Mantel also won the Booker for the first book in the series, “Wolf Hall,” in 2009. She is the first woman to be a two-time winner of the prize, Britain’s most prestigious award for literary fiction. The winner receives about $80,000.
“Wolf Hall,” praised for its lively evocation of the vicious intrigue of the court of Henry VIII, was a critical and commercial success on both sides of the Atlantic. “Bring Up the Bodies” has followed suit; the L.A. Times wrote that it is “more than the equal of its predecessor when it comes to intensity and drama.”

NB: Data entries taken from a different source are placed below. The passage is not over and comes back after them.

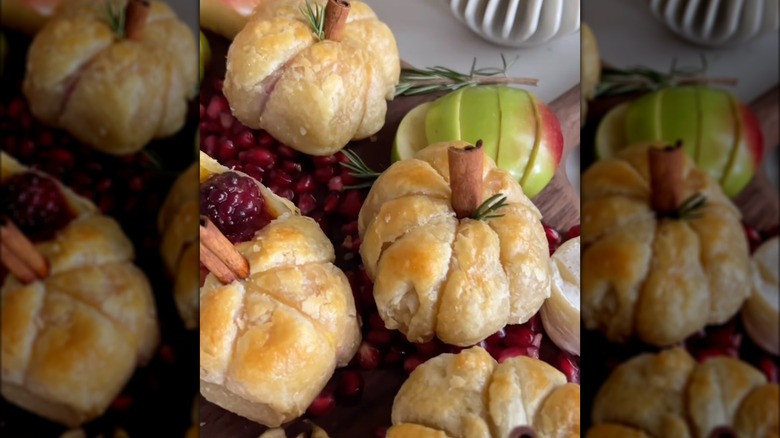 finished mini brie pumpkins on table spread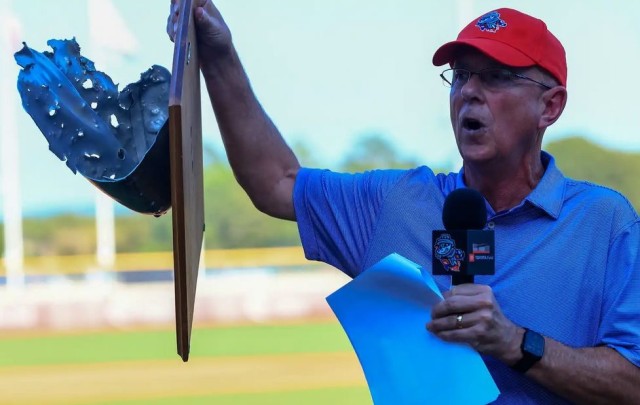 Jim Myles, head of the Huntsville/Madison County Chamber&#39;s Armed Forces Committee, showcases the Target Destroyed trophy during the 2023 Community Softball Game at Trash Pandas Stadium.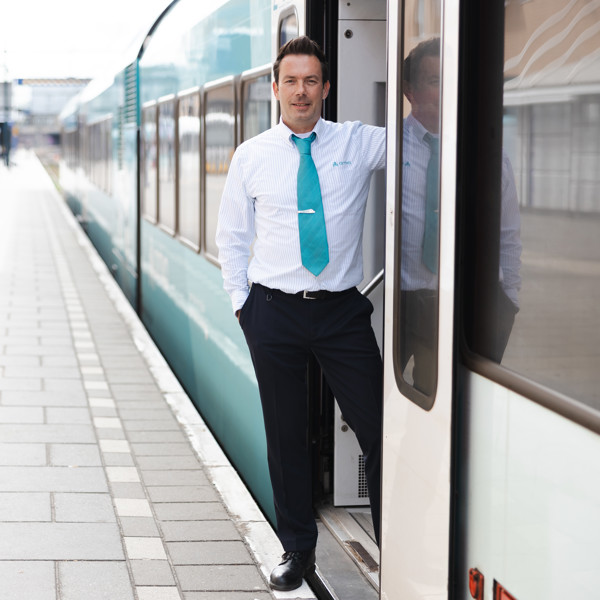 Machinist Mark Dorenbos staat in een van de deuropeningen van zijn Arriva-trein terwijl die bij het perron stilstaat. Machinist Mark Dorenbos staat in een van de deuropeningen van zijn Arriva-trein terwijl die bij het perron stilstaat.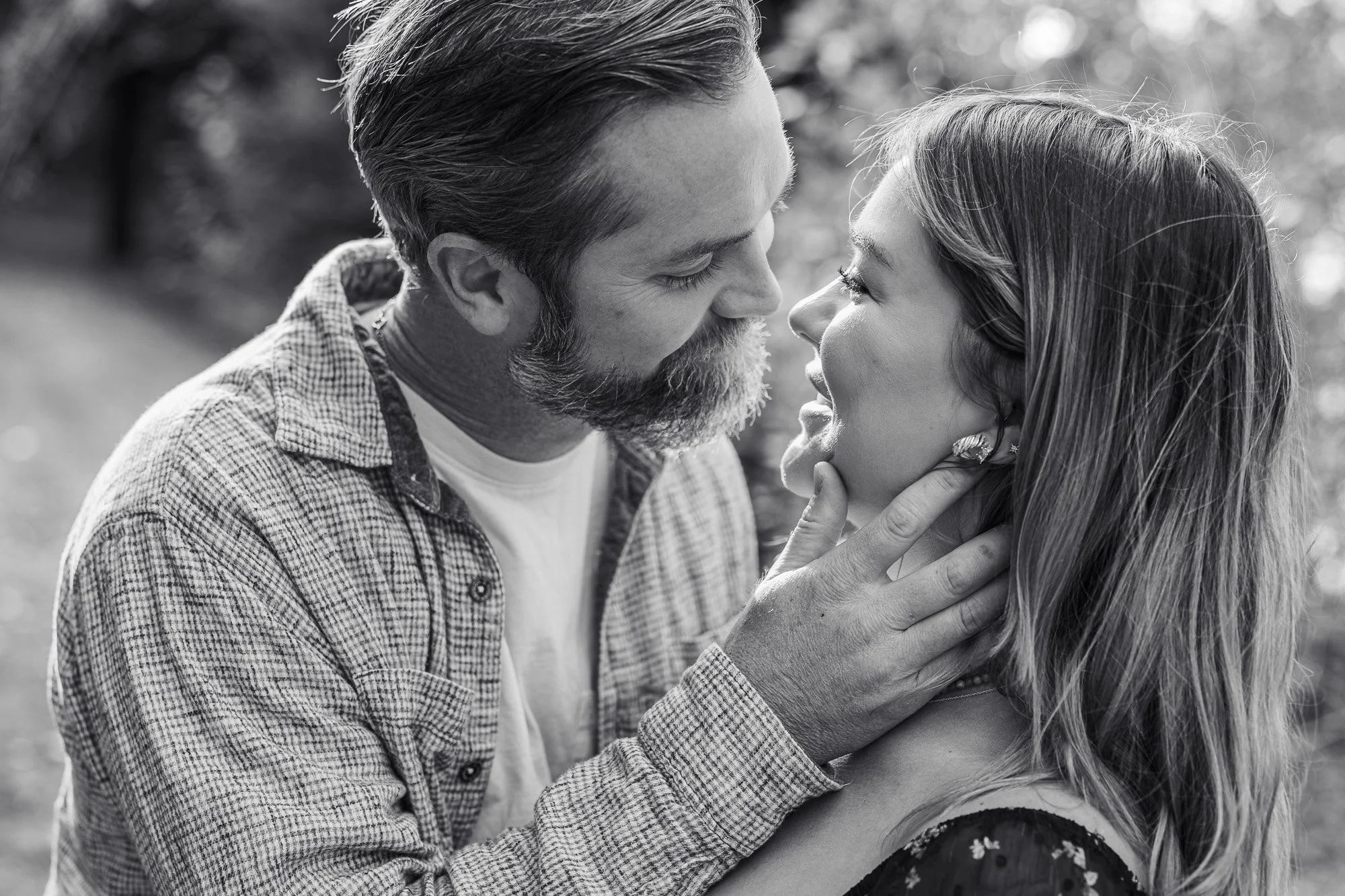 A black and white photo of a man and woman close together, touching faces and gazing into each other's eyes outdoors.
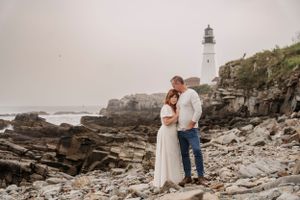 A romantic coastal portrait with a lighthouse perched on rocky cliffs in the background.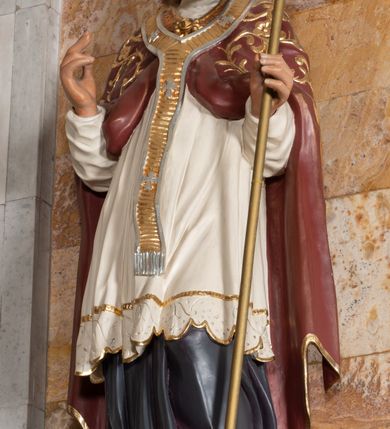 Zdjęcie nr 2: Rzeźba drążona z tyłu stoi na prostokątnej podstawie ustawionej na profilowanej, zwężającej się ku dołowi konsoli przyściennej. Postać biskupa jest ujęta frontalni w nieznacznym kontrapoście z głową lekko skierowaną w prawo. Prawą rękę Augustyn ma uniesioną przed siebie na wysokość piersi w lewej zaś trzyma pastorał o gładkiej, zamkniętej krzywaśni z wpisanym krzyżem równoramiennym. Święty ma pociągłą, wychudzoną twarz o szeroko otwartych oczach, mięsistym nosie i pełnych ustach. Głowę okala broda i lekko kręcone sięgające ramion włosy. Augustyn na głowie ma szkarłatną mitrę zdobiną złotą ornamentyką. Ubrany jest w sutannę, białą komże dekorowaną u spodu szeroką koronką oraz szkarłatną kapę pokrytą złocistym ornamentem i lamowaną złotą tasiemką. Na ramionach dodatkowo ma założony złocony i srebrzony paliusz. Na postumencie widoczny jest podpis: "Ś[WIĘTY] AUGUSTYN".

In “Bring Up the Bodies,” Mantel demonstrates a gift for the deliciously gory detail. This is her Cromwell on the doomed Anne Boleyn: “The colours should have had a fresh maidenly charm; but all he could think of were stretched innards, umbles and tripes, grey-pink intestines looped out of a living body … slit up and galloched by the hangman…. The pearls around her long neck looked to him like beads of fat, and as she argued she would reach up and tug them; he kept his eyes on her fingertips, nails flashing like tiny knives.”
I can’t find now the critics who are saying things about her being the most brilliant writer in English alive. And that’s too bad, because, of course, even last year many people were struggling with the idea that a woman might write as well as at man at all, as cornsay alerted us.